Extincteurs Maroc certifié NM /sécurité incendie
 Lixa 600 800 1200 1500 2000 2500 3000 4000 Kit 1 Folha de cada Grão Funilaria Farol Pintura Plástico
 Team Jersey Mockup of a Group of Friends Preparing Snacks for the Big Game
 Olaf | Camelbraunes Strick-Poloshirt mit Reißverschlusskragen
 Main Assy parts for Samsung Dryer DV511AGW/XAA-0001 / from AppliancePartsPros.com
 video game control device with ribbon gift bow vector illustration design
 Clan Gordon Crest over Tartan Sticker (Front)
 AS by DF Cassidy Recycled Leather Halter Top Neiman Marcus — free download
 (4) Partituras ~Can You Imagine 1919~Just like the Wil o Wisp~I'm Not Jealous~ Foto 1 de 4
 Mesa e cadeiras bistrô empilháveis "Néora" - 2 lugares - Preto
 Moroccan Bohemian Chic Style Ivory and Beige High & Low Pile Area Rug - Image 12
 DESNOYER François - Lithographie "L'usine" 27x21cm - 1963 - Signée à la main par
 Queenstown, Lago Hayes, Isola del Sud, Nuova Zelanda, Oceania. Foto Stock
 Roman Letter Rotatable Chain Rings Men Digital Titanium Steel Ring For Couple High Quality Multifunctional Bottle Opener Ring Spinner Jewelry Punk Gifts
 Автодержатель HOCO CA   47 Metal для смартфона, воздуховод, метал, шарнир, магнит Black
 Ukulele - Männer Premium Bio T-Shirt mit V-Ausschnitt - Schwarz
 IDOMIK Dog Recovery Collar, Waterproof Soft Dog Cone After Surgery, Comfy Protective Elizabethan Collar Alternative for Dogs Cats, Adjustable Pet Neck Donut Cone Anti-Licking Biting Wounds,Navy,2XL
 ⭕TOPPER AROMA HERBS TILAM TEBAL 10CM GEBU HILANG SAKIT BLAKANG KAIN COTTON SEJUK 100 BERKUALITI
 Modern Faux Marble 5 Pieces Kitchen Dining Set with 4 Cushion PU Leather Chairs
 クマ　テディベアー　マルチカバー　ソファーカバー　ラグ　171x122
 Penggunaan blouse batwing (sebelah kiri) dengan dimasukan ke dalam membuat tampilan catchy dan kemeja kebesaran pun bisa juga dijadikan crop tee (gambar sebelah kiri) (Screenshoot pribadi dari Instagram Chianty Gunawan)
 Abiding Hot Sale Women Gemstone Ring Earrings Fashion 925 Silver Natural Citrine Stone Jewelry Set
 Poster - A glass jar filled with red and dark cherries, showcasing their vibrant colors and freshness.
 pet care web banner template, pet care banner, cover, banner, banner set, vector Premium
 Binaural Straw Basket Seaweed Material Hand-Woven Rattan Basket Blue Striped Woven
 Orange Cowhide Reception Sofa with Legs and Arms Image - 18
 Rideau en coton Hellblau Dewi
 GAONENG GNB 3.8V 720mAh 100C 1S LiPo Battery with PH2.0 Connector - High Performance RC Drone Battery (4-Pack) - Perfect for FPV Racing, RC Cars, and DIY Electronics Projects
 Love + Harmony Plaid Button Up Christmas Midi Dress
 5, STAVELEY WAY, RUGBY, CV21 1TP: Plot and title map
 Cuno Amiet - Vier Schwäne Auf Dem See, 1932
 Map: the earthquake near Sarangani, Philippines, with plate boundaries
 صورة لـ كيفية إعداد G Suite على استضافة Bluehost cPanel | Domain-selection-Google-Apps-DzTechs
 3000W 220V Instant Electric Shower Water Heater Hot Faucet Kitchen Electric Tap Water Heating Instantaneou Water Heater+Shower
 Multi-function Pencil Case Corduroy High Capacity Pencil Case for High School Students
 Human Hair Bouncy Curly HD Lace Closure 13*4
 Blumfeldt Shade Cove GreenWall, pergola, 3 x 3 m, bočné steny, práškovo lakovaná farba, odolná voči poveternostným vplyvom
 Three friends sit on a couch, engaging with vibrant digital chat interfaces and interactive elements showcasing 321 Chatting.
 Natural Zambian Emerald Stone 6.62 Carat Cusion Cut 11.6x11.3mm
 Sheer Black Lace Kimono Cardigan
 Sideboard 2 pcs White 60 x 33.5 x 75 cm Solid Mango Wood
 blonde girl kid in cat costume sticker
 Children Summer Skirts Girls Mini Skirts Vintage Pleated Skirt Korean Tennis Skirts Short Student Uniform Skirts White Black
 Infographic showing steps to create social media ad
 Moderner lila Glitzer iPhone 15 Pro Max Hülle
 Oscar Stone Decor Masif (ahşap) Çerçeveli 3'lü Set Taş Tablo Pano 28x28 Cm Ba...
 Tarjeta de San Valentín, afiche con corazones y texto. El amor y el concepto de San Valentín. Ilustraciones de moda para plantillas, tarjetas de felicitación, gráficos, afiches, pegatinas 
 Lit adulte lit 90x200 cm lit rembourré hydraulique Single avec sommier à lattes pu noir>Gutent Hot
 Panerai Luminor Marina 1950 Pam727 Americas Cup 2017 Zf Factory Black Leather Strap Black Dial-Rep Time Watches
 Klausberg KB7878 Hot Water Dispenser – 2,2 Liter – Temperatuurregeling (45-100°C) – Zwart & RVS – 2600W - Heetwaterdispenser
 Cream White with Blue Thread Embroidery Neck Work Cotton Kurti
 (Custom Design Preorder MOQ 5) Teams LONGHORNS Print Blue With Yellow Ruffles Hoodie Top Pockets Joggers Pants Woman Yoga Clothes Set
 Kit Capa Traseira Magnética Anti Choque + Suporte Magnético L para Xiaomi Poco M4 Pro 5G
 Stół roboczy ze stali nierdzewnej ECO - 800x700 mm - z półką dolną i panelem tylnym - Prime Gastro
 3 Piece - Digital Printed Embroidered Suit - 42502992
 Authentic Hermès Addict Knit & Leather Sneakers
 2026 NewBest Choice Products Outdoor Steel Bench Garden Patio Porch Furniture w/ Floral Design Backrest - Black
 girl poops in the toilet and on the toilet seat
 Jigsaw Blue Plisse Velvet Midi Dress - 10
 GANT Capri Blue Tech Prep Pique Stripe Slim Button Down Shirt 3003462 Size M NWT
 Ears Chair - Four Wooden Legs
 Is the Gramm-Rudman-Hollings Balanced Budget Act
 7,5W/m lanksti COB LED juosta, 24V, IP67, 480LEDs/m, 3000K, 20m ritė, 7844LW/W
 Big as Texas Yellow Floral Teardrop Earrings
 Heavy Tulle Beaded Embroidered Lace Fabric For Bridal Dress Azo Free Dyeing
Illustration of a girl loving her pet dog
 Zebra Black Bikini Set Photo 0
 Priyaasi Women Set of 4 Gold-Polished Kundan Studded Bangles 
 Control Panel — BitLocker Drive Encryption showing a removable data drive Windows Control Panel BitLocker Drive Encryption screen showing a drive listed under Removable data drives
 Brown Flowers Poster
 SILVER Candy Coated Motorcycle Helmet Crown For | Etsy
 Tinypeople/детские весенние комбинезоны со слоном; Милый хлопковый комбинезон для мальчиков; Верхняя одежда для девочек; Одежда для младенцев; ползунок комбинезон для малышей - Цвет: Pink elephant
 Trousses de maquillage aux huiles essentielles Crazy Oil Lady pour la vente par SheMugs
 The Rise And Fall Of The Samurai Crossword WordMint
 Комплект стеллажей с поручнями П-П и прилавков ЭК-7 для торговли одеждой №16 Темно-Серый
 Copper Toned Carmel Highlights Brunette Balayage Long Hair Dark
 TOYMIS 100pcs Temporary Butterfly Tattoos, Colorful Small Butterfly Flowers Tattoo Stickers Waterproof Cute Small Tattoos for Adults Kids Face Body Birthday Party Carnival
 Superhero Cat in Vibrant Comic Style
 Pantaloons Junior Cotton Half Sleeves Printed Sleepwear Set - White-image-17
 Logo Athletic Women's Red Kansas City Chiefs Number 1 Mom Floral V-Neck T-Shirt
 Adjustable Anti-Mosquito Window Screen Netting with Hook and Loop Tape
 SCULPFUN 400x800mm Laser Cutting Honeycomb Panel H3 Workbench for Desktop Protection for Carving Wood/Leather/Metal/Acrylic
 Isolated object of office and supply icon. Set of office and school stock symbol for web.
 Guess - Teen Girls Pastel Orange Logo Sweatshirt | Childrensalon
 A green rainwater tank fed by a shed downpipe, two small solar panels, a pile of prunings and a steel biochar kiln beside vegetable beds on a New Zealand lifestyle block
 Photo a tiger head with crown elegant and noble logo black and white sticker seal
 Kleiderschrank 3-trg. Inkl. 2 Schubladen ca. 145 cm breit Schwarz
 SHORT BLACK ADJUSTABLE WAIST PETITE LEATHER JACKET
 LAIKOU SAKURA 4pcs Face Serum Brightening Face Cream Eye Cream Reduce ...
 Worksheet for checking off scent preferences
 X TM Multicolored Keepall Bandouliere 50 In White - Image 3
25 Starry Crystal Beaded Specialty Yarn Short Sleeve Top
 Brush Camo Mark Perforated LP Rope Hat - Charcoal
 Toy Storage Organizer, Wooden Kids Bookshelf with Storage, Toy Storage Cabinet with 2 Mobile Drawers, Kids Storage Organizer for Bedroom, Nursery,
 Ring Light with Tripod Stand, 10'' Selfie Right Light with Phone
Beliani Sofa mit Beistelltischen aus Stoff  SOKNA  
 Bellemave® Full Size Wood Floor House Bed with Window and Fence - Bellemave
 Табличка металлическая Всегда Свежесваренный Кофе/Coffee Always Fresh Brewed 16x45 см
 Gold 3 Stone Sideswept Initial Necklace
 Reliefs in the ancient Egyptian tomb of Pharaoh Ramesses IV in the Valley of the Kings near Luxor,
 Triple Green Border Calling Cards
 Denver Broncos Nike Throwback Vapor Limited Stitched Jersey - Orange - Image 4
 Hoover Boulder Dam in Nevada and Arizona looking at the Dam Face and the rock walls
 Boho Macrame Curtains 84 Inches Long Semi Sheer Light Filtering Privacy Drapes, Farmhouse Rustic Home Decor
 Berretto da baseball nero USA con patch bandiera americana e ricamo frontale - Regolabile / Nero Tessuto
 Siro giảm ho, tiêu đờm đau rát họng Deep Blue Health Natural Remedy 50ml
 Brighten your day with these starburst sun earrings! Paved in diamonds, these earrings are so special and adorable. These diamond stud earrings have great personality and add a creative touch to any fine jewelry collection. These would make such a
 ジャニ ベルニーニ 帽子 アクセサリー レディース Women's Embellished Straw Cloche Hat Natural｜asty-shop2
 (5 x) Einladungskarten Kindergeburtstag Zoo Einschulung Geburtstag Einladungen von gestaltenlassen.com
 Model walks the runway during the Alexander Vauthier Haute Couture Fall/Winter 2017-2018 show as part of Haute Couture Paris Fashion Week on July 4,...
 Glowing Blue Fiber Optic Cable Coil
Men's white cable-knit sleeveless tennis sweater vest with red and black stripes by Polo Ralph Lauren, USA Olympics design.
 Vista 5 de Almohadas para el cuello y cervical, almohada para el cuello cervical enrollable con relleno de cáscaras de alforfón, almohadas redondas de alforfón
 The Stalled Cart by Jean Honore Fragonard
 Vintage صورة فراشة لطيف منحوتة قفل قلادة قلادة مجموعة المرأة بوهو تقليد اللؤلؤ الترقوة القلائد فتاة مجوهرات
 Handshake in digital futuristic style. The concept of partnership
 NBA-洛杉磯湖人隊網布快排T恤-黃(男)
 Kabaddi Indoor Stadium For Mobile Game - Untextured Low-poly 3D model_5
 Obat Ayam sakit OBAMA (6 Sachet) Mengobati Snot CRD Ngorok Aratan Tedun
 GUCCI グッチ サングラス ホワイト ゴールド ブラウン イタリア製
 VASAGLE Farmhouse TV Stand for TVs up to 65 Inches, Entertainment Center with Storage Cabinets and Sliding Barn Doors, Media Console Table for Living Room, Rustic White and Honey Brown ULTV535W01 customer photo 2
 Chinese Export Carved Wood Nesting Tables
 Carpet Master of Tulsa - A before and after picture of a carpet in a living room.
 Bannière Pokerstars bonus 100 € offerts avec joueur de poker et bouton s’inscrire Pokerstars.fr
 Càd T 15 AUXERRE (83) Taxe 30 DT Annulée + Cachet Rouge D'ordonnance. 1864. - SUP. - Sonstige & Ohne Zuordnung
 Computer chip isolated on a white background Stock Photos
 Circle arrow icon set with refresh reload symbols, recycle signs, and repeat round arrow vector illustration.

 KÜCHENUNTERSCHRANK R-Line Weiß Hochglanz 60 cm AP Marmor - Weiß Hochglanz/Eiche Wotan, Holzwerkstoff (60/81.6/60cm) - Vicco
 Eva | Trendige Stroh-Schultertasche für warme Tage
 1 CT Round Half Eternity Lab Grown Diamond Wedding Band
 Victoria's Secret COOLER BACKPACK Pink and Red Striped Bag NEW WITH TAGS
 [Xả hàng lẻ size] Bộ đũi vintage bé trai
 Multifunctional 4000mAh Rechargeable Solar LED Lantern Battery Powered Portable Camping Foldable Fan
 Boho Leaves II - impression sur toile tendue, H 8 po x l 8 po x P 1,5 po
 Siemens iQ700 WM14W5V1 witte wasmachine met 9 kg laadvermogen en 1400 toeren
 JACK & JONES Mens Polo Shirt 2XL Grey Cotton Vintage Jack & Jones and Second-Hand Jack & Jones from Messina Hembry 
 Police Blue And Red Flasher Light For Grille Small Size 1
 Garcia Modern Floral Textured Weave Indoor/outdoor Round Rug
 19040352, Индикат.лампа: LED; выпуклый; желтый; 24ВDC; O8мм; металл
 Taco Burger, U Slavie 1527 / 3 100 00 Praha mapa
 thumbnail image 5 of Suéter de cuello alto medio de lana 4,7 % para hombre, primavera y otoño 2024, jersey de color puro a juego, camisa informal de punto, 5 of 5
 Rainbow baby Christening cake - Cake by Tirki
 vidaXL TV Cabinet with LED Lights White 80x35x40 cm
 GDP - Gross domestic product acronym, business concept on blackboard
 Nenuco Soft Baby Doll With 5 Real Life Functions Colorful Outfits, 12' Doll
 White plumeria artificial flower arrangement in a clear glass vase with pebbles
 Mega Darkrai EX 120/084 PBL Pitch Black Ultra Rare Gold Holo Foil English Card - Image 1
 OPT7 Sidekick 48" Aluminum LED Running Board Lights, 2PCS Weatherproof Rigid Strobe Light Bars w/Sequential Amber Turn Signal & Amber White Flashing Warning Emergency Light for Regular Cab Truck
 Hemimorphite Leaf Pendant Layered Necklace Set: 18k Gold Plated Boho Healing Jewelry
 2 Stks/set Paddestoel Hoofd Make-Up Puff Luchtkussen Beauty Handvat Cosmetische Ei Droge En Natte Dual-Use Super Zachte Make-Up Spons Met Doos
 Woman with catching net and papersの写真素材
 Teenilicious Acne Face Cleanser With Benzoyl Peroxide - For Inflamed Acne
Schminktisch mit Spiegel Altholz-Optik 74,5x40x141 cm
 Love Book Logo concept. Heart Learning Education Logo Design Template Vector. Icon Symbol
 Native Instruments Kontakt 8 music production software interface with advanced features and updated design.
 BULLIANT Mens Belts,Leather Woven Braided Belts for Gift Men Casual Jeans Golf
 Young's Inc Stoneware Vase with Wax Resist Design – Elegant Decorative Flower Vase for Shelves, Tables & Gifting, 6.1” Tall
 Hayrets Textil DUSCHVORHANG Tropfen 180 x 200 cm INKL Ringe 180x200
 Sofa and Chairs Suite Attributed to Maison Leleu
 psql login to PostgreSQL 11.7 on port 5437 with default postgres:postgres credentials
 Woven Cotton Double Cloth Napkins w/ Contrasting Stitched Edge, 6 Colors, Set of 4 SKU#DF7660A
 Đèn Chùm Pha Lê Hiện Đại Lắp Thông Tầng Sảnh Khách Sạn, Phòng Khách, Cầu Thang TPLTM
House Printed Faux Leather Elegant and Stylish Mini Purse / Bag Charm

#### What to produce
Begin at the line above that has "White plumeria artificial" and stop after the line that has "Schminktisch mit Spiegel", copying each line exactly and adding nothing else.

#### Completed task
 White plumeria artificial flower arrangement in a clear glass vase with pebbles
 Mega Darkrai EX 120/084 PBL Pitch Black Ultra Rare Gold Holo Foil English Card - Image 1
 OPT7 Sidekick 48" Aluminum LED Running Board Lights, 2PCS Weatherproof Rigid Strobe Light Bars w/Sequential Amber Turn Signal & Amber White Flashing Warning Emergency Light for Regular Cab Truck
 Hemimorphite Leaf Pendant Layered Necklace Set: 18k Gold Plated Boho Healing Jewelry
 2 Stks/set Paddestoel Hoofd Make-Up Puff Luchtkussen Beauty Handvat Cosmetische Ei Droge En Natte Dual-Use Super Zachte Make-Up Spons Met Doos
 Woman with catching net and papersの写真素材
 Teenilicious Acne Face Cleanser With Benzoyl Peroxide - For Inflamed Acne
Schminktisch mit Spiegel Altholz-Optik 74,5x40x141 cm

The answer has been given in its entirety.